_TASK OBJECTIVE_
Starting at the line that contains "Pod Slatinou, vodočet", write out every line through the end of the records exactly as it stands, and leave out all pictures.

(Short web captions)
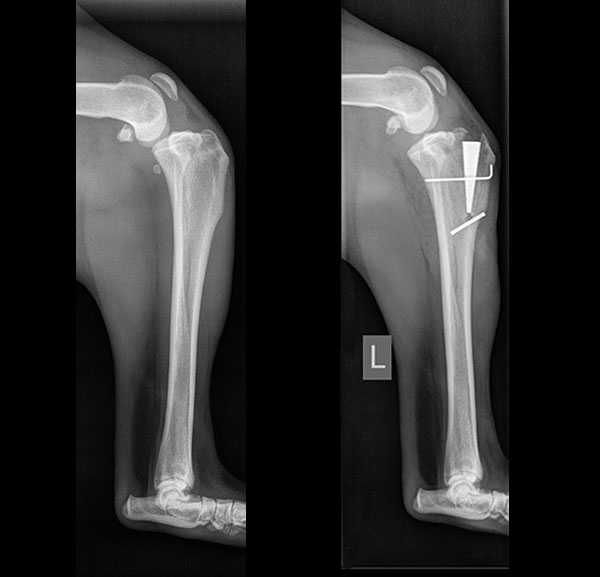 Before and after Xrays of MMP-TTA_Surgery-Dog-Cranial-Cruciate-Ligament Blue Springs Animal Hospital Kansas City MMP-TTA_Surgery-Dog-Cranial-Cruciate-Ligament Blue Springs Animal Hospital Kansas City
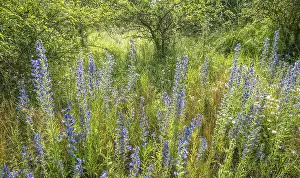 Vipers Bugloss Drucke: Viper's bugloss (Echium vulgare)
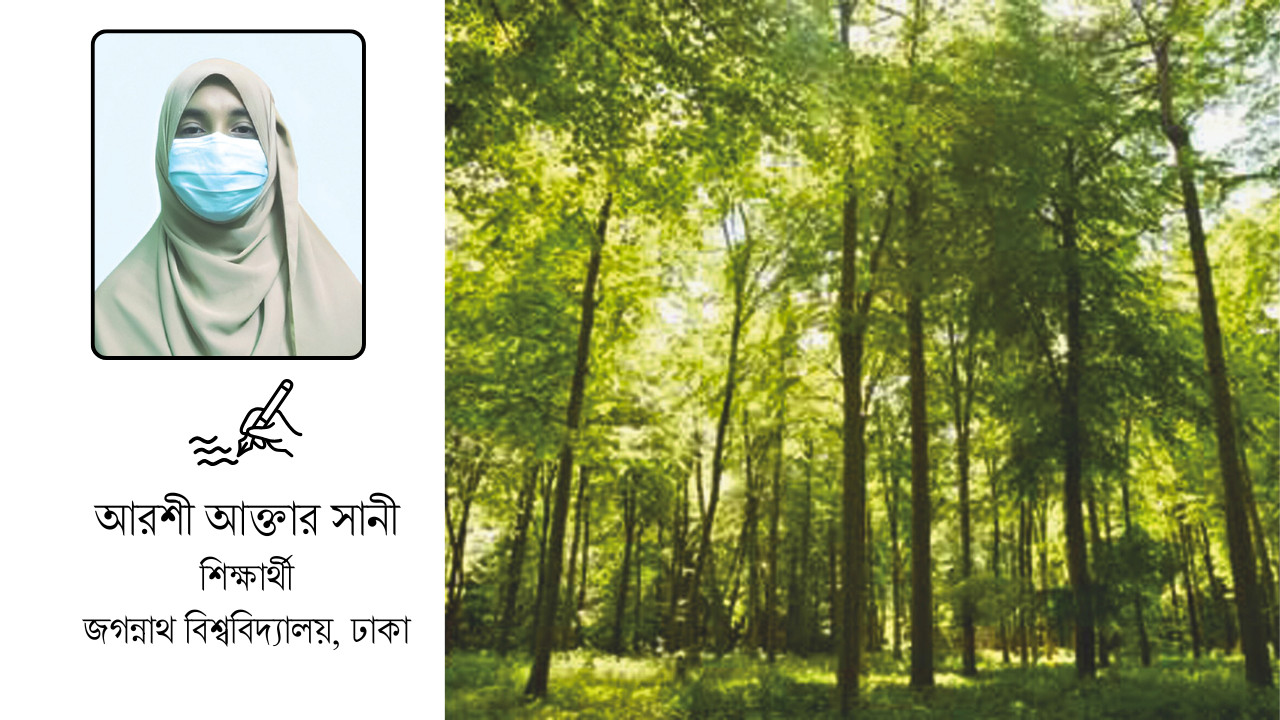 বন উজাড় ও বন্যপ্রাণীর বিলুপ্তি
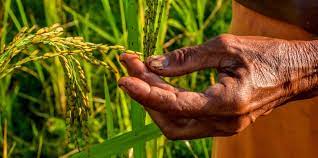 Agriculture was the key development in the rise of sedentary human civilization. Los Bosques Sustentan La Agricultura Cifor Forests News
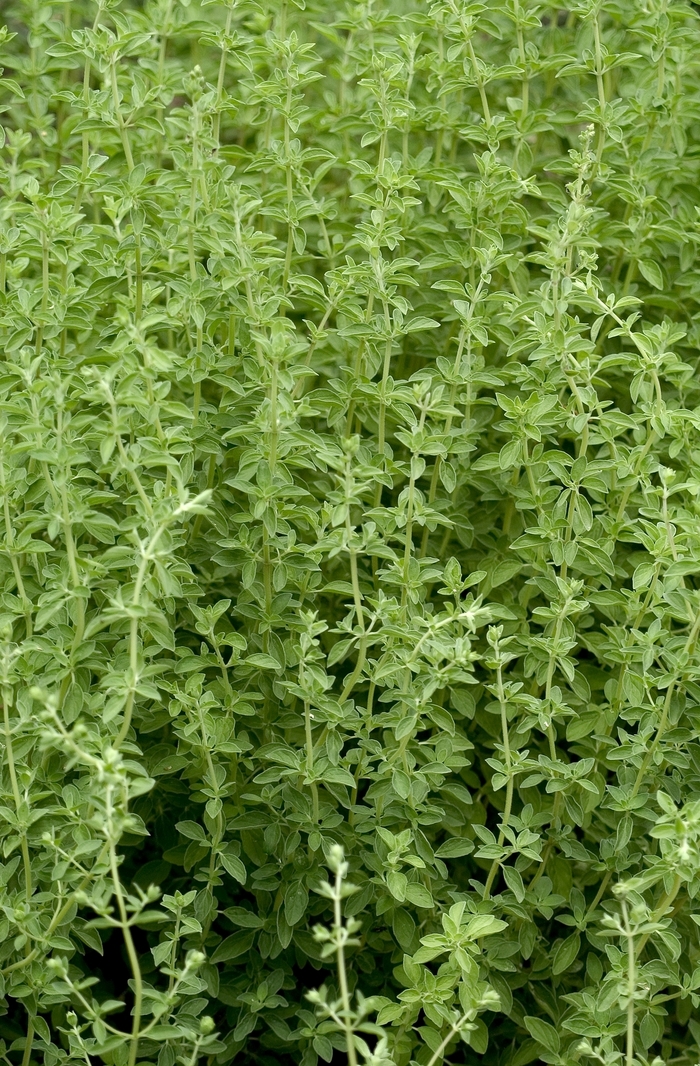 Sweet Marjoram - Origanum majorana from 5 Acres NH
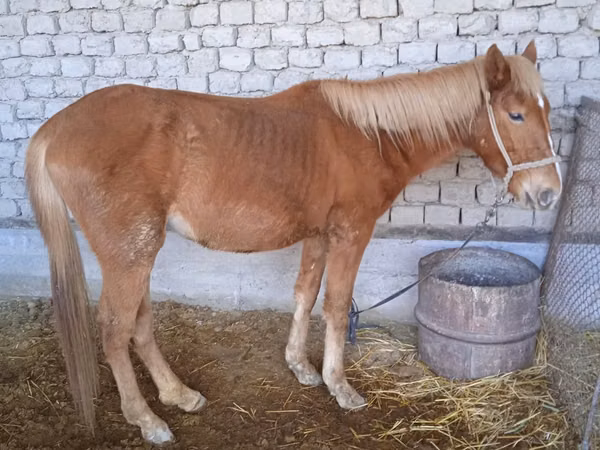 Kuda betina, Horses — Uzbekistan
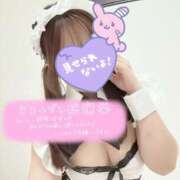 ヒメ日記 2025/10/09 12:12 投稿 さくや やまとなでしこ 豊橋店～人妻エロエロ星人～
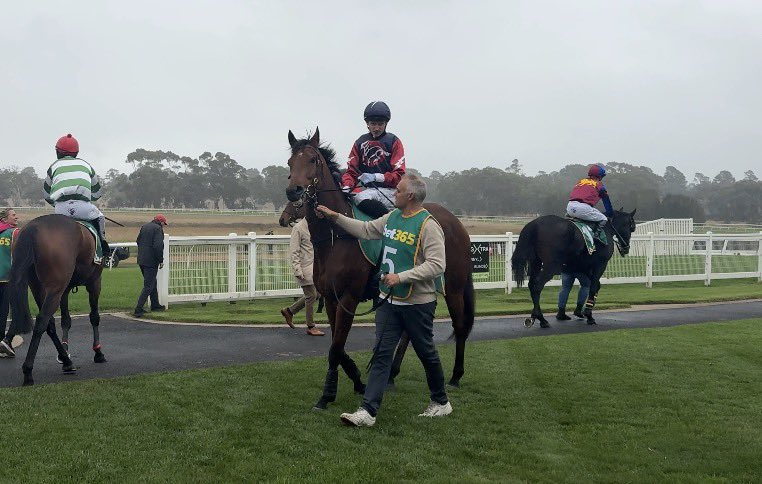 Rising Sun Syndicate🇯🇵 tweet media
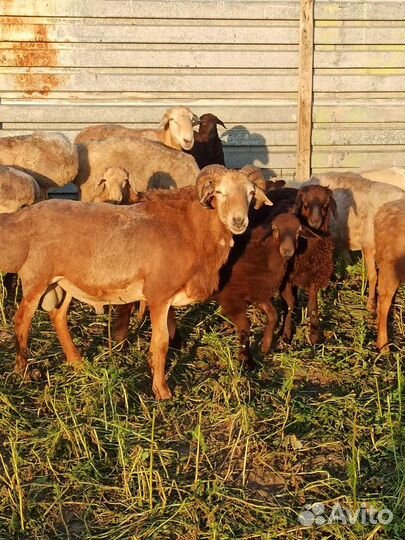 Курдючные бараны, ягнята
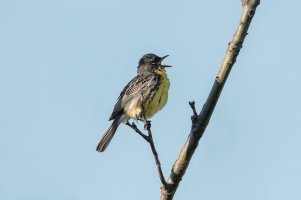 Kirtland's Warbler (male-spring) 118.jpg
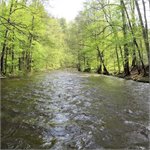 Pod Slatinou, vodočet Slatina, stav: 67 cm, 13.8 m3/s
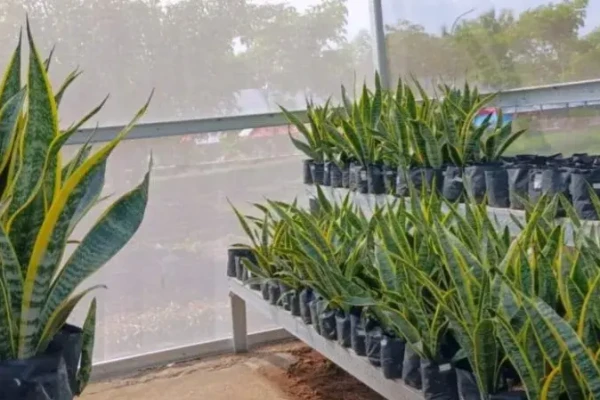 DLHP Magetan Budidayakan Lidah Mertua Jadi Benteng Penyerap Polusi di TPA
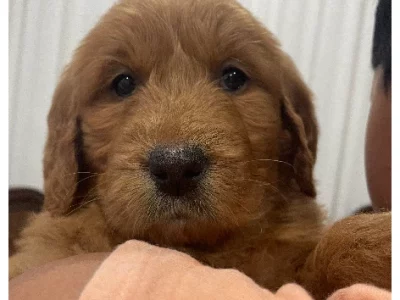 Groodle – Bonnie Brook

_SOLUTION TO THIS PROBLEM_
 Pod Slatinou, vodočet Slatina, stav: 67 cm, 13.8 m3/s
 DLHP Magetan Budidayakan Lidah Mertua Jadi Benteng Penyerap Polusi di TPA
 Groodle – Bonnie Brook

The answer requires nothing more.